Martinsyde Motorcycles

Today in Motorcycle History

Martinsyde Models for 1920/1921

Martinsyde 1920

Triangulation enters largely into the design of the Martinsyde rear wheel stand.
Overhead exhaust valves on the Martinsyde permit this ingenious detachable valve guide to be used.

Martinsyde 1920

As a solo mount, the new 3½ h.p. Martinsyde is an attractive proposition. The overhead exhaust valve and the main features of the large model are retained.

Olympia Show 1920

Martinsyde. (Stand 141 a.)

  • 6 h.p.; 70x88 mm. (680 c.c.); V twin four-stroke; overhead exhaust valves; drip-feed lubrication; Amac carburetter; M-L chain-driven magneto; three-speed A.J.S. pattern gear; enclosed chain drive; Dunlop 650x65 mm. tyres. Price with sidecar £175.

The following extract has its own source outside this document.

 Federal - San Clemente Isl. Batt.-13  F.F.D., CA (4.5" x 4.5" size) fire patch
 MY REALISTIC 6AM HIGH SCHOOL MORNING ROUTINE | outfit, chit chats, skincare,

Martinsyde, Ltd., Mayberry Hill, Woking.

Two sidecar taxis and a light delivery outfit (with an interchangeable "pleasure" body, by the way) will not obscure the public eye to the excellent value offered on this stand in both the standard and de luxe sidecar outfits. Of equal interest is the fact that a maximum price has been fixed for the ensuing year. Now celebrating its first birthday, the 6 h.p. Martinsyde has, as was expected, made a distinct hit. Slight modifications ensuring a smoother passage for the gas have been carried out around the over-head exhaust pockets, and improved cooling has been arranged. The inlet valves remain of the more usual "side-by-side" type, but aeroplane engine influence is discernible in the split ring method of holding the gudgeon pin. By slightly increasing the diameter and width of the rear band brake drum, the retarding effect has been considerably increased. Totally enclosed chain drive takes the power from a gear box of A.J.S. pattern to the rear wheel. Equal to anything at the Show in the completeness (Lucas Magdyno, interchangeable wheels, etc.) of its equipment, if not in price, the de luxe model should appeal to the most fastidious.

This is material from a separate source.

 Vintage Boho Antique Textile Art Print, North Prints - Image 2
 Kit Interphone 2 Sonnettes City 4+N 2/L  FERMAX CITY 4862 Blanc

  • 3½ h.p.; 60x88 mm. (497 c.c; V twin four-stroke; overhead exhaust valves; drip feed lubrication; Amac carburetter; M-L chain-driven magneto; three-speed A.J.S. pattern gear; chain drive; Dunlop 26 x2½ in. tyres. Price £135.

Making its début at this Show, the 3½ h.p. solo mount has evidently been built with one eye on efficiency and the other on speed. Much of the engine is common to the larger model, and in appearance and design it is identical. A gear box of the same type is used, although the frame, of course, is lighter and shorter. Worthy of special attention, both here and on the "six," is a quickly detachable aluminium cover completely enclosing the magneto. Careful provision has been made to ensure that both cylinders receive an equal share of attention from the oil tank.